Le esperienze nazionali durante la crisi confermano molte delle ipotesi avanzate. Per esempio in Spagna i giovani della generazione chiamata mil euro, che grazie alla crescita economica e alla disponibilità di posti di lavoro (a tempo determinato) avevano sperimentato un certo, pur modesto, benessere e una certa indipendenza (economica) dalle famiglie, dopo la crisi hanno massicciamente fatto ritorno al nucleo familiare in cerca di sostegno economico. In modo del tutto simile, in Italia, la crisi ha ulteriormente peggiorato le prospettive di ingresso nel mercato del lavoro dei giovani, prolungando la loro permanenza e dipendenza economica dal nucleo familiare di origine. In assenza di questa forma di assicurazione sociale per i giovani, l’elevata disoccupazione giovanile – che in alcune aree ha raggiunto il 50% – sarebbe socialmente destabilizzante.

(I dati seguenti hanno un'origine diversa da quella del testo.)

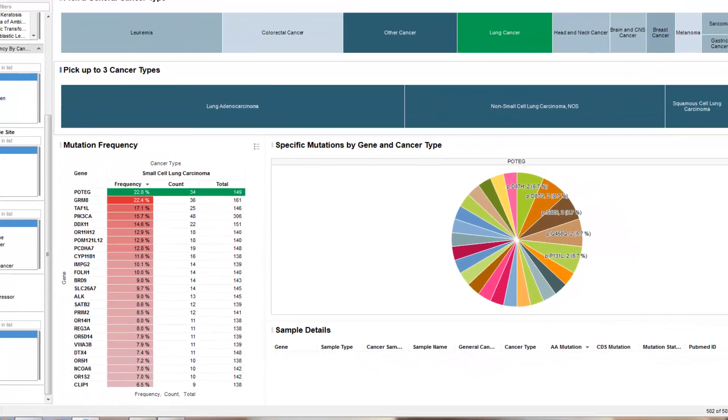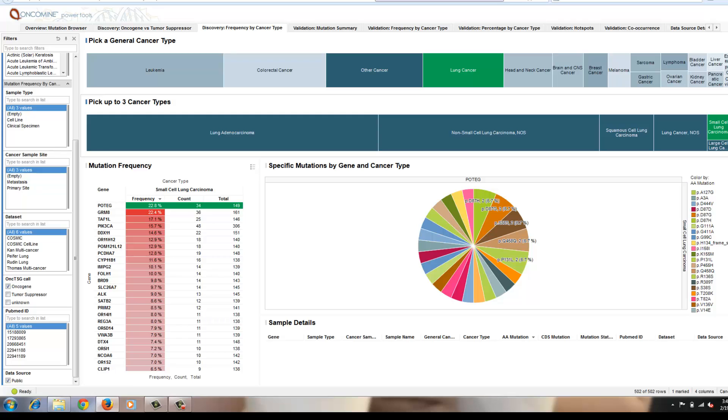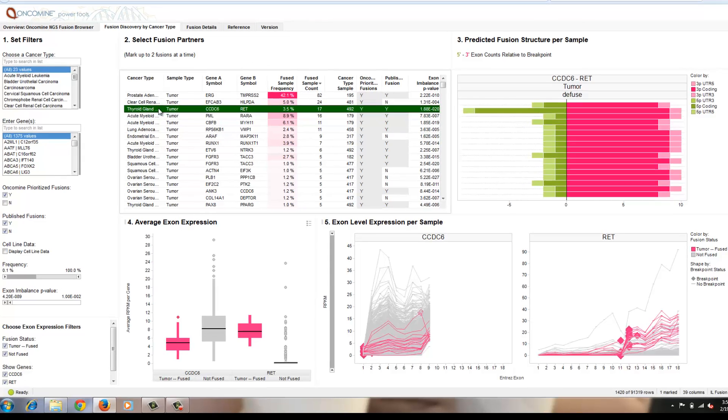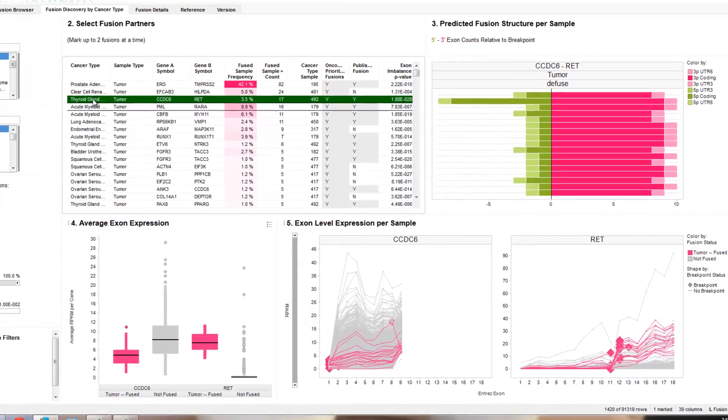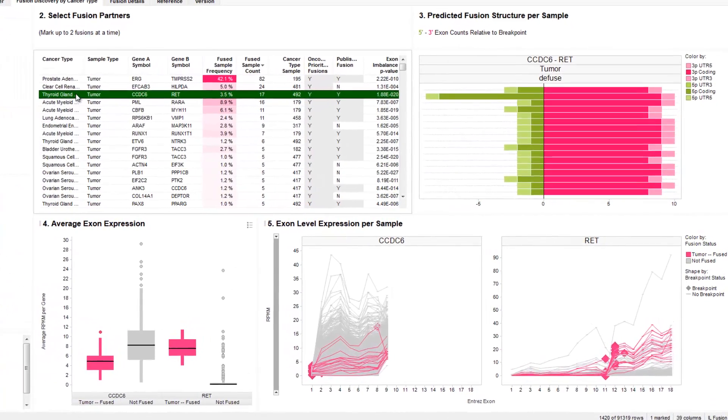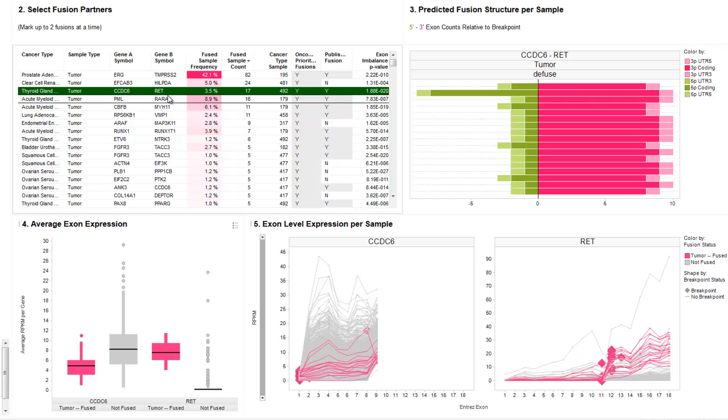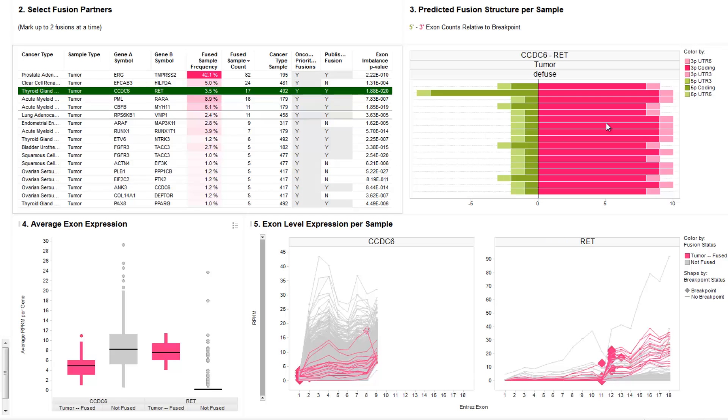Finally, the Oncomine next-gen sequencing power tool suite provides views on data types such as fusion data. These fusions are called through our pipelines and summarized here in this cancer type view. Here, we're highlighting thyroid gland tumors and a particular fusion that was identified, CCDC6 and RET at a frequency of 3.5%. And we're also retrieving each of the individual patient and showing the structure of these fusions based on the exons to look for heterogeneity across these different patients and get a sense for the structure of the mutation.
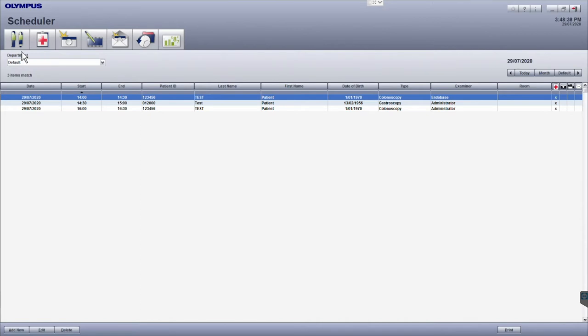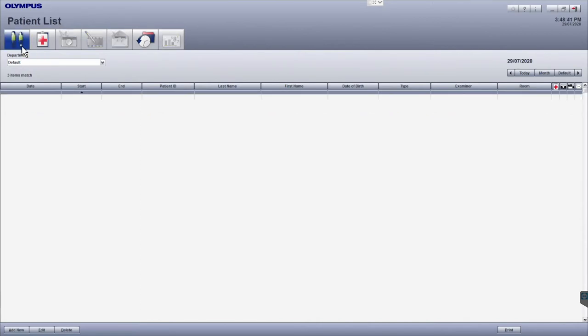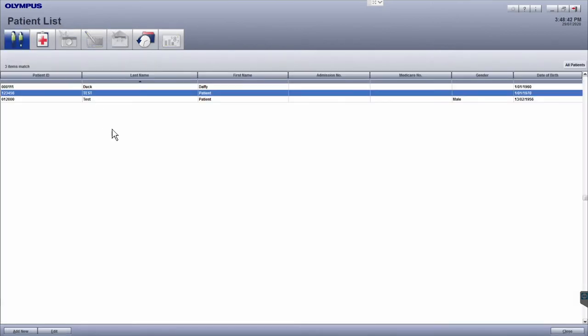The first icon on the far left, which has the two patients on it, takes you to the patient list module. Here, you can search for, create or edit patient details.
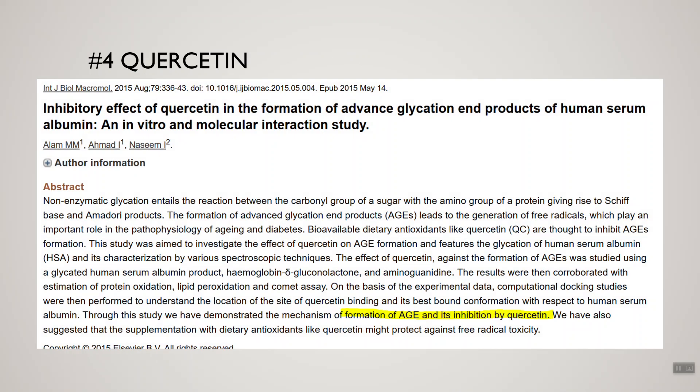Number four is quercetin. Quercetin is a phytonutrient found in a variety of foods such as onions, apples, grapes, and blueberries. Like all plant nutrients, it has a variety of health-promoting effects, including reducing AGE formation by cells. There are quercetin supplements available, but if you're eating foods like onions and peanuts, you're already getting quercetin through your diet.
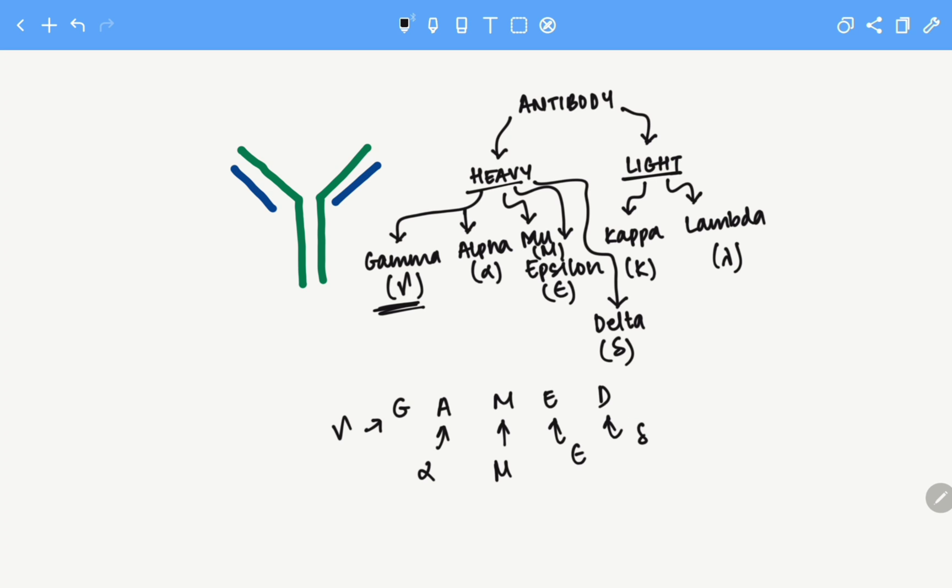And please keep in mind that it is the heavy chain that determines the type of antibody. Hence, in humans, we have mainly five types of antibody.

In generale, nei paesi e nei sistemi economici caratterizzati da forti legami familiari, gli individui trovano nella famiglia un meccanismo di assicurazione che il mercato spesso non è in grado di offrire. Questo ruolo di ammortizzatore familiare che riduce l’impatto dei rischi sociali sul benessere familiare e aumenta il benessere (atteso) delle famiglie comporta però un prezzo. In particolare, a fronte di una riduzione della varianza del ciclo economico sul benessere familiare, c’è una perdita di efficienza dovuta alla minor partecipazione al mercato dei giovani e delle donne, alla minore presenza delle donne in ruoli dirigenziali e alla minore mobilità geografica e sociale.
In ultima analisi, ci si potrebbe domandare: ma gli individui che appartengono a gruppi sociali in cui i legami parentali sono più forti e a culture in cui i valori familiari sono tenuti in maggior considerazione sono anche più felici? Nonostante le difficoltà insite in un tale quesito, un recente studio di due economisti, Alberto Alesina e Paola Giuliano, in The power of family (2010), risponde affermativamente. L’appartenenza a una società con alti valori familiari, rispetto a una in cui i legami sono deboli – a parità di altre condizioni – comporta un maggior livello di soddisfazione (circa il 12% in più rispetto alla media). Dal momento che i legami familiari sembrano più forti nei paesi a basso reddito (almeno per quanto riguarda il reddito rilevato dai conti nazionali), questo risultato contribuisce anche a spiegare il “paradosso” della scarsa correlazione esistente tra ricchezza e felicità. I valori familiari, indipendentemente dal reddito, sono una fonte di ricchezza morale per gli individui, un valore che faremmo bene a ricordare più spesso.